Material for this exercise
-------

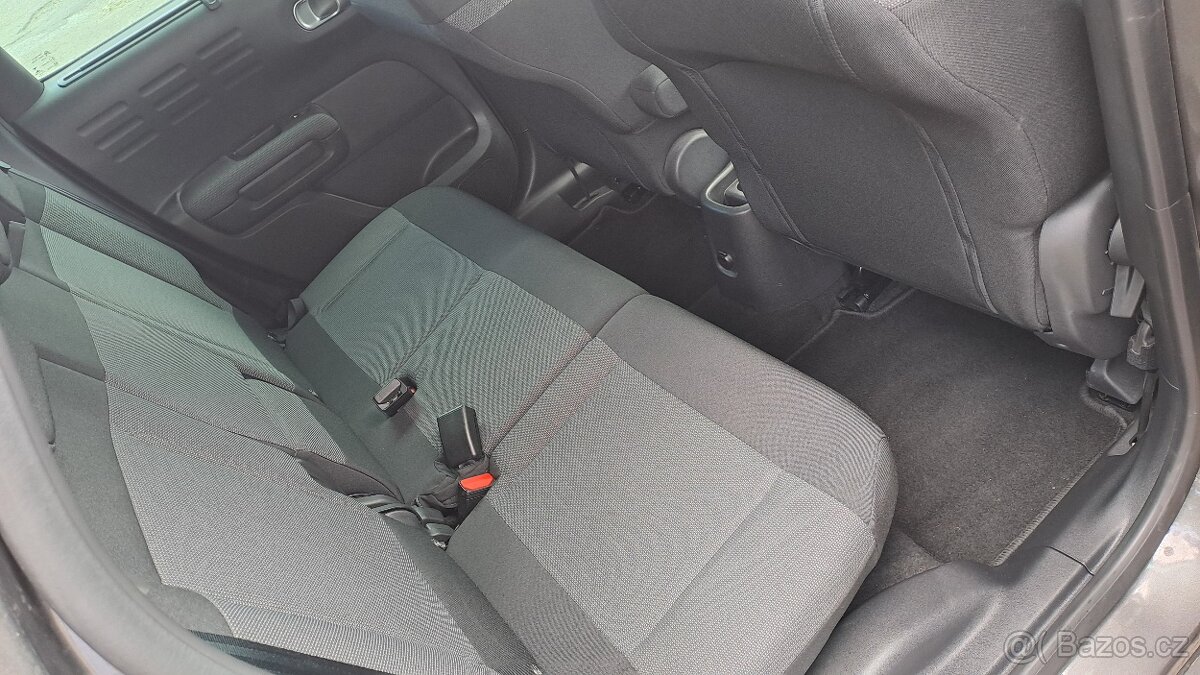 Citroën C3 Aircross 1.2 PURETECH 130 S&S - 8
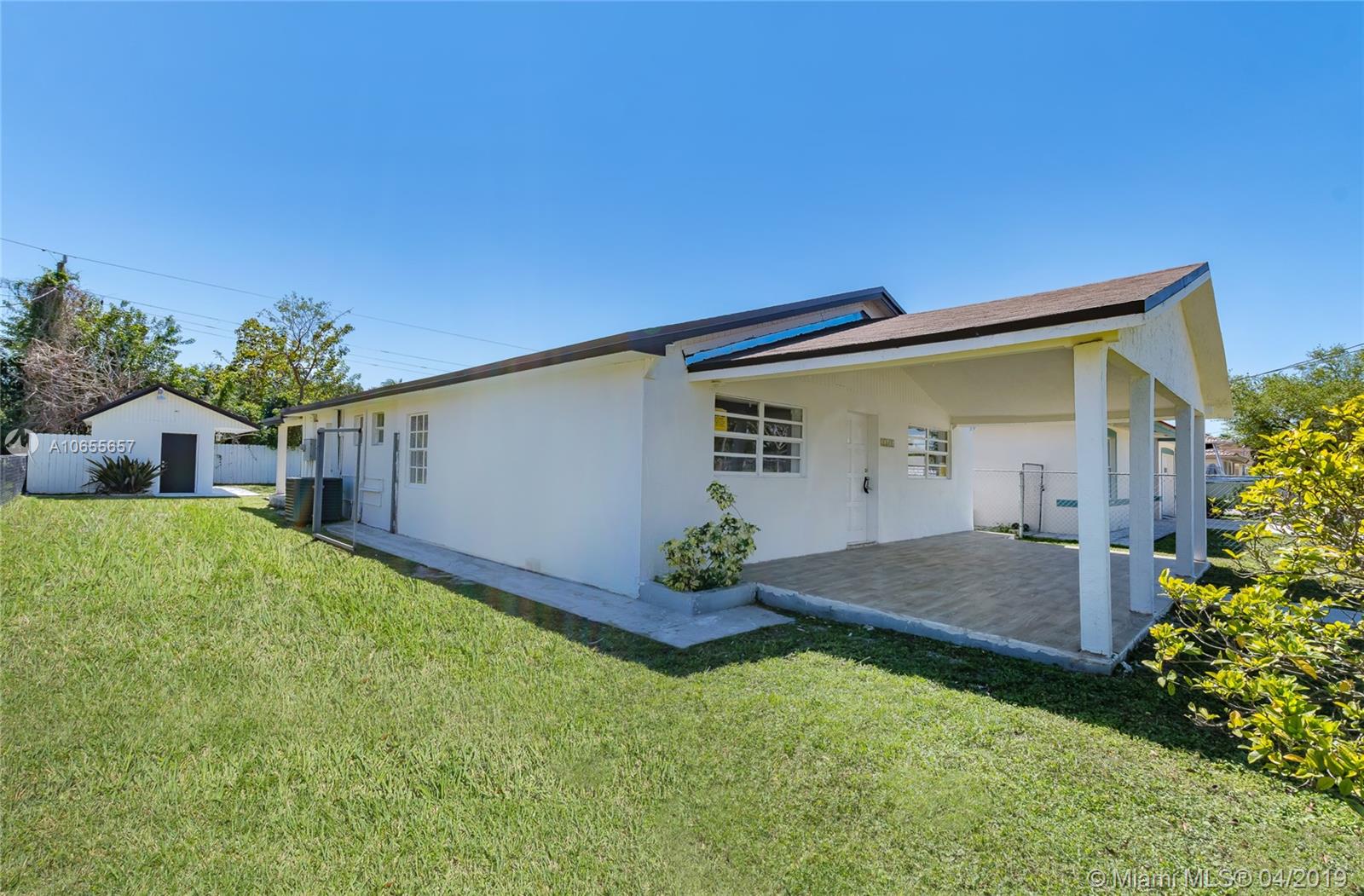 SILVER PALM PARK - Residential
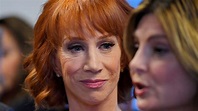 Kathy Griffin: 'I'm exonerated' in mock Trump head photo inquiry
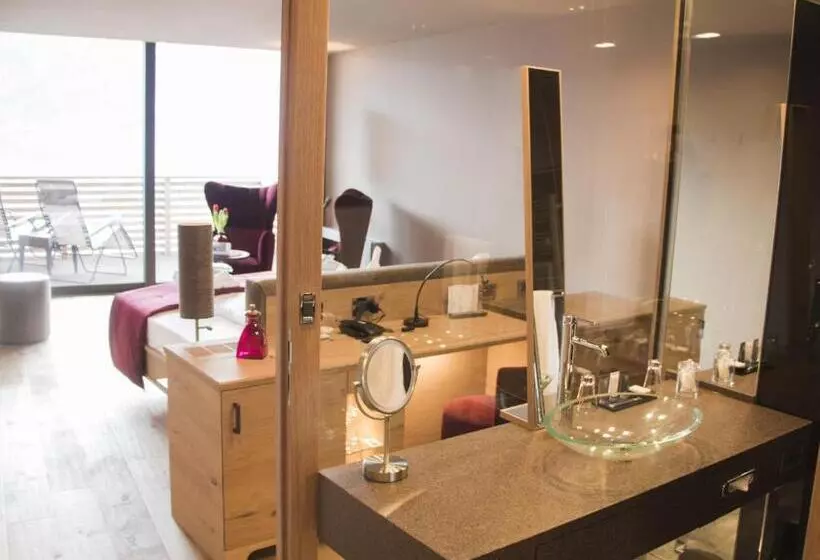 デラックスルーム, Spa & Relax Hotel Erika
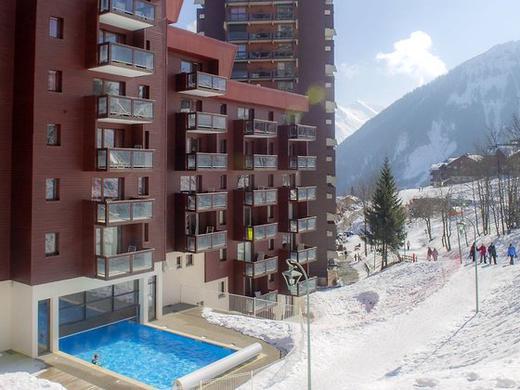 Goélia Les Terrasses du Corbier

-------

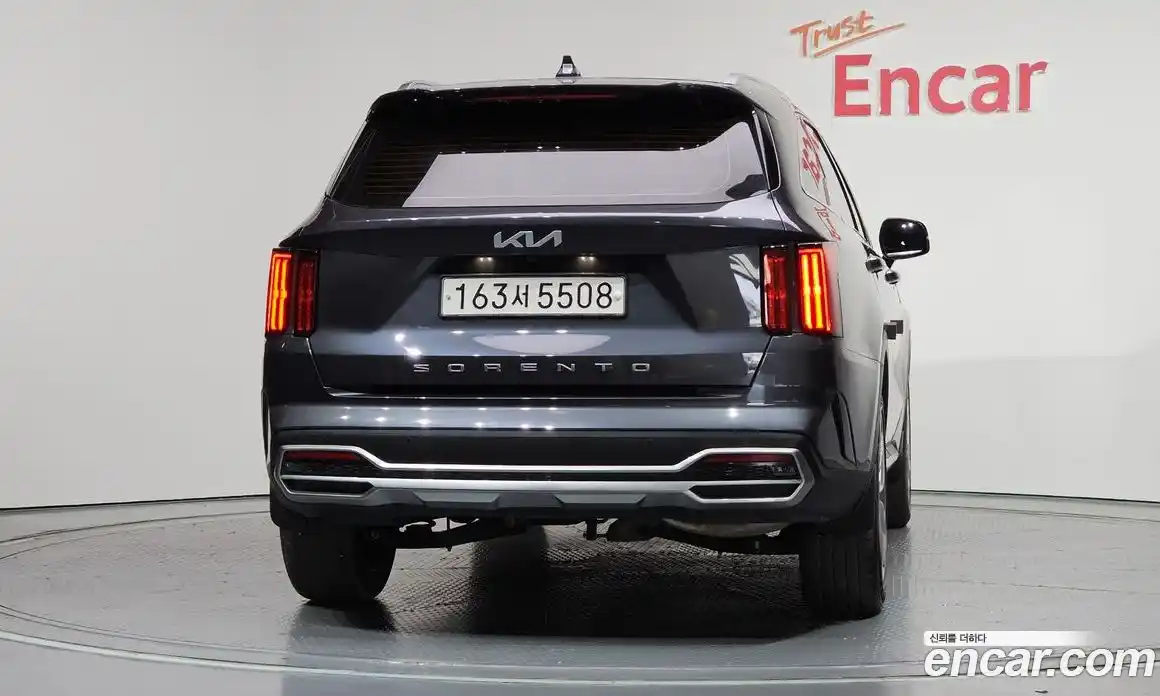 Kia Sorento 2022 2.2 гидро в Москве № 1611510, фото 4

-------

About this task
Given the listing above, repeat exactly the lines starting at the one with "デラックスルーム, Spa & Relax Hotel Erika" and ending at the one with "Goélia Les Terrasses du Corbier", inclusive, excluding pictures.

Expected answer
 デラックスルーム, Spa & Relax Hotel Erika
 Goélia Les Terrasses du Corbier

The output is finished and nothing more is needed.